【国別の投資環境まとめ】インドについて

【国別の投資環境まとめ】インドについて

こんにちは。

香川県高松市の㈲生道道路建設です。

ASEANや南西アジアはビジネス展開を考えるうえで、その『市場規模や成長性』において魅力的です。

一方で、課題やリスクもあるということを紹介しました。

現在、もう少し落とし込んで検討していくために、国別に見ています。

今日は『インド』です。

ぜひご覧ください。

 

【国別の投資環境まとめ】インドについて

インドの最大の魅力は、やはり人口および市場の大きさだと思います。

現在13億人とされている人口は、2025年までには15億人を超え、いずれは中国を抜いて世界一となることが予測されています。

また、全体的にも所得水準は向上、中間層・富裕層がさらに増加することが見込まれており、人々の購買力はますます高まる傾向にあります。

一方で、インフラの未整備や複雑な税制等、課題は少なくありません。

しかし、急速な発展を遂げるこれほどの巨大市場は他になく無視することはできません。

 

ビジネスチャンス(メリット)

まとめ

・最も大きな魅力は、市場規模、成長性

・人々の所得は増加し、着実に中間層や富裕層が増加している

・人口の約半分が25歳以下であり、将来の購買力や労働力となる若年人口の増加が続く

・貧困層も多いが、貧困層向けのビジネス市場も注目されている

・IT人材に強い

・準公用語が英語であり、英語人材が採用できる

・中東やアフリカ市場へのゲートウェイとしての位置づけ(地理的優位)

 

ビジネス上の課題

①カントリーリスク

政治

・民主主義で政治は安定しているものの、多様な国民の意見を反映すると物事が進まない

・小規模事業者保護のため外資開放が進まない、土地収用の際に住民や農民の権利を尊重するため時間がかかる

・隣国パキスタンとの関係

社会

・多様な民族、宗教、カーストの人々が暮らしており、時折対立が見られる

・汚職が根強い

経済

・貿易赤字、財政赤字からの脱却が必要

・ルピー安による経済活動への悪影響

・良質な原材料がインド国内で入手が難しく、輸入に頼らざるを得ない

 

②オペレーショナルリスク

生産・販売

・電力供給が慢性的に不足している

・自家発電を準備する必要がありコストがかさんでしまう

・物流ネットワークが複雑で、荷物の管理や処理に時間を要す

・未整備な道路状況

・工業団地が不足しており、法改正のもと土地収用のコストも高くなっており、時間もかかる

・地場企業との激しいコスト競争がある(現地調達率の向上や、品質、納期などで努力が必要)

雇用・労働・人権

・インフレ基調が強く、賃金は上昇傾向にある

・エンジニアやスタッフレベルなどの中間層の離職率が高い(ステップアップによるもの)

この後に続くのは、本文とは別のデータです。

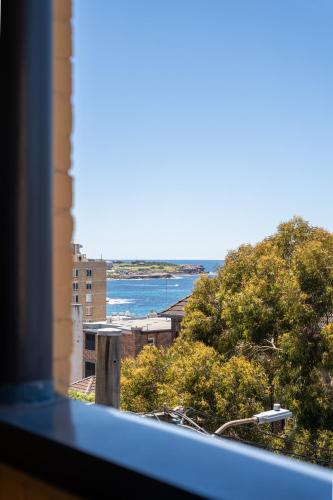 Oceanview Art Deco Retreat Next to Coogee Beach - image 9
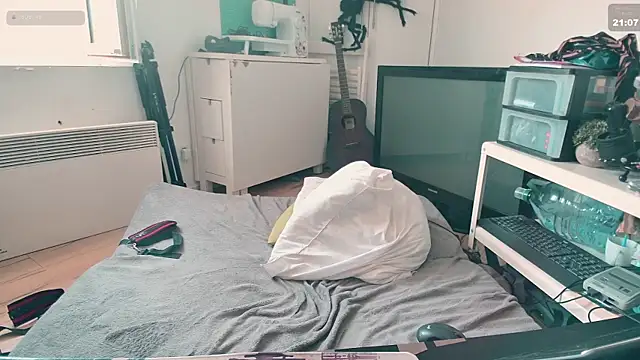 CeriseLapine webcam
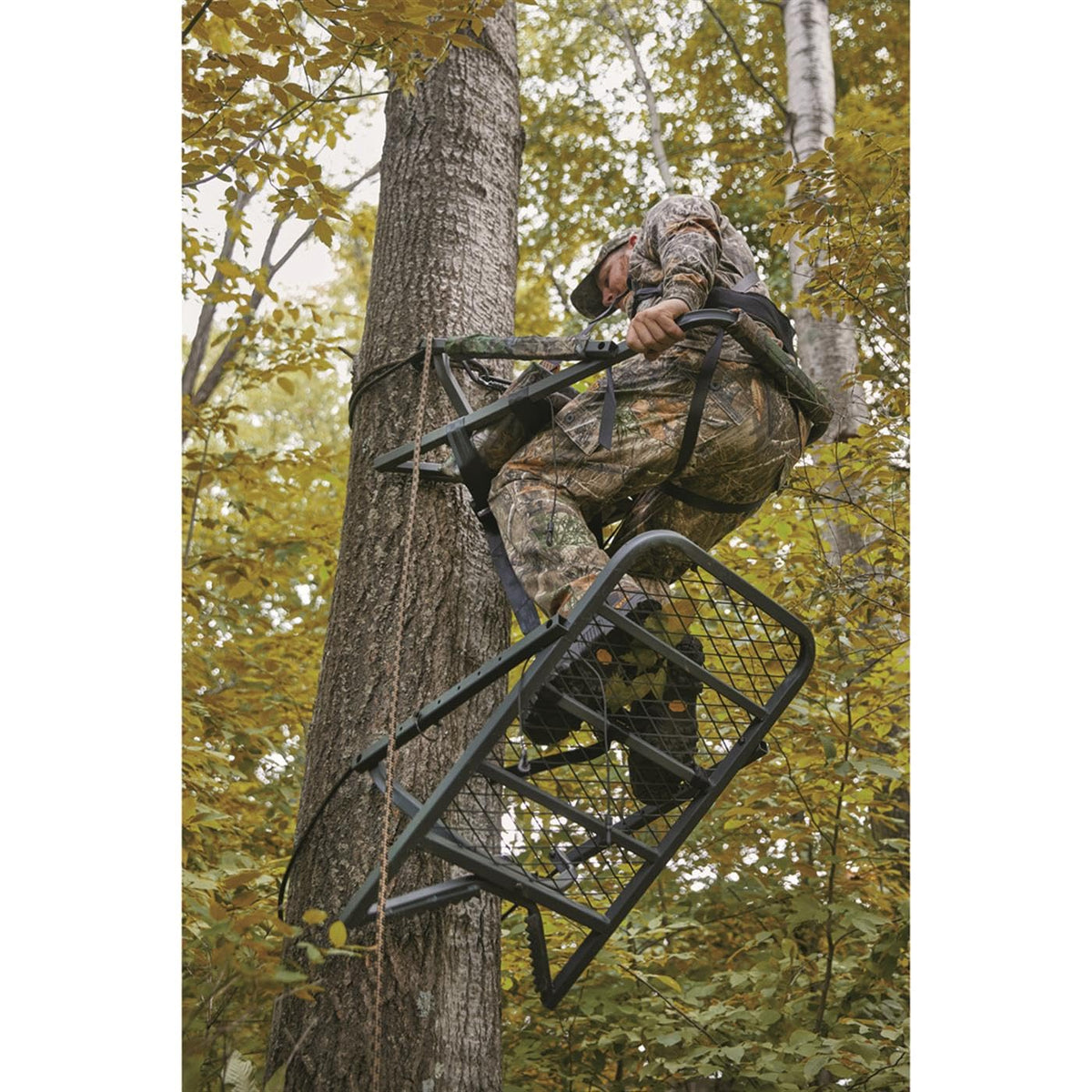Climbing Tree Stand with Seat and Foot Platform P112272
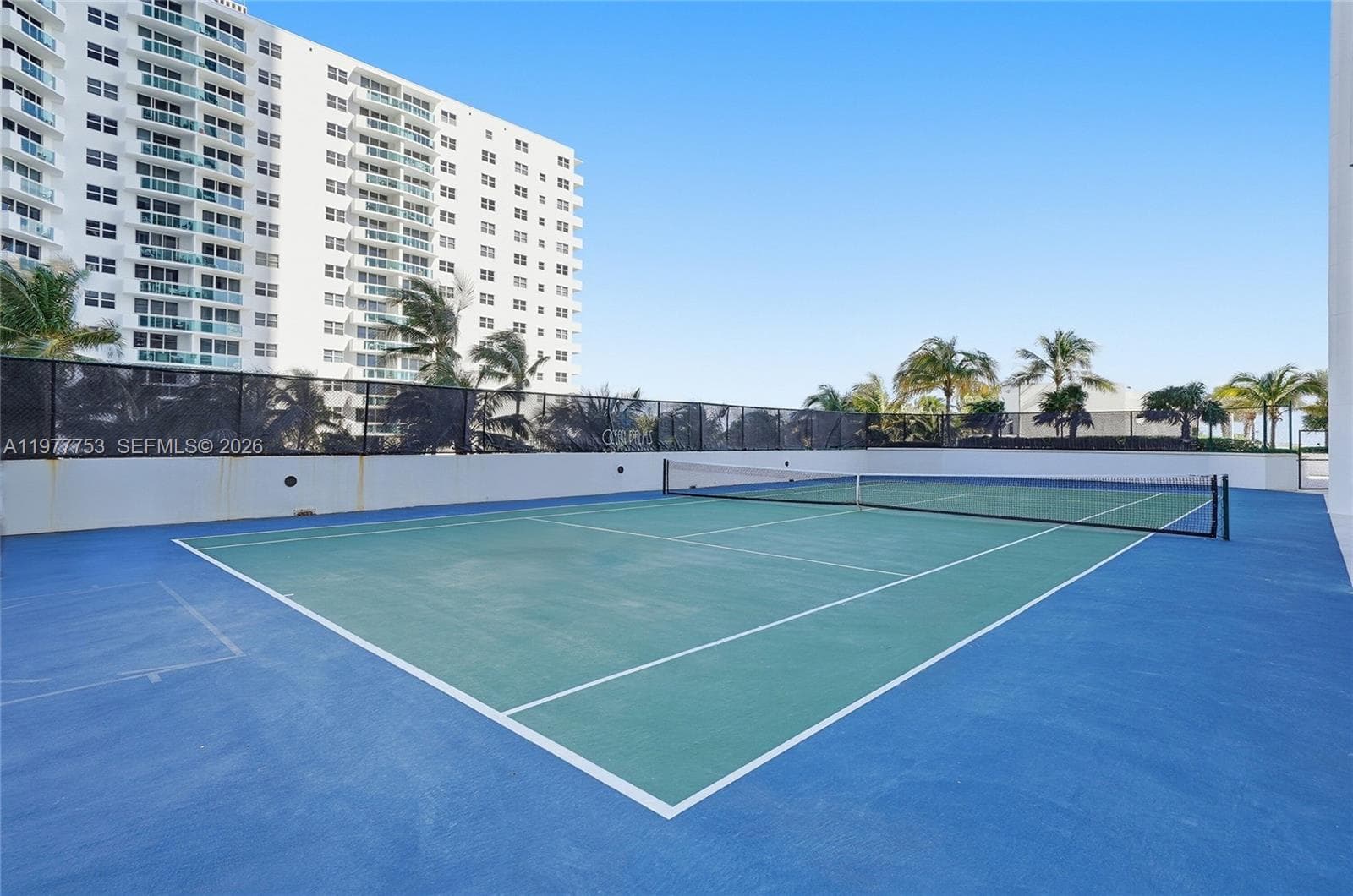 OCEAN PALMS CONDO · #2807 in Hollywood - Photo 11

・離職率を低くするための取り組みや、離職を踏まえた対策の検討が必要

・カースト制度や宗教を考慮した管理が必要

税務・通関

・複雑な税体系、通達によりルールや税率が頻繁に変わる

・よって、税務専門家のサポートが必要だったり、すでに進出している企業へのヒアリングが必要

・悪質な会計事務所やコンサルタントもいるため、見極めや口コミ情報の収集などが重要

法務・規制

・中央政府管轄のものと、進出している州政府の管轄のものとの違いによる混乱

・判断には弁護士事務所などの外部サービスの利用などが必要で、費用負担を検討する必要がある

・役人でも不透明な金銭の要求をしてくる場合もあり、毅然とした対応も必要

・製造業分野での規制はないが、銀行、保険、小売業へは外資規制が残る

・撤退には1年程度必要だが、大きな問題点はない

・撤退の場合、売却手段を取る企業が多い

 

③セキュリティリスク

・社会情勢は安定しているものの、多民族、多宗教といった複雑な国内事情がある

・各地でテロや暴動が発生しているのは事実

・大気汚染や健康管理

 

 

いかがでしたでしょうか?

電力コスト高や税制の複雑具合、外資の規制など様々なビジネス上の課題があるものの市場の規模や成長性が魅力的なインド。

今後は、中東やアフリカなど次の市場へのステップとする戦略を打ち出す企業もどんどん増えてくると思います。

最後まで読んでいただきありがとうございました。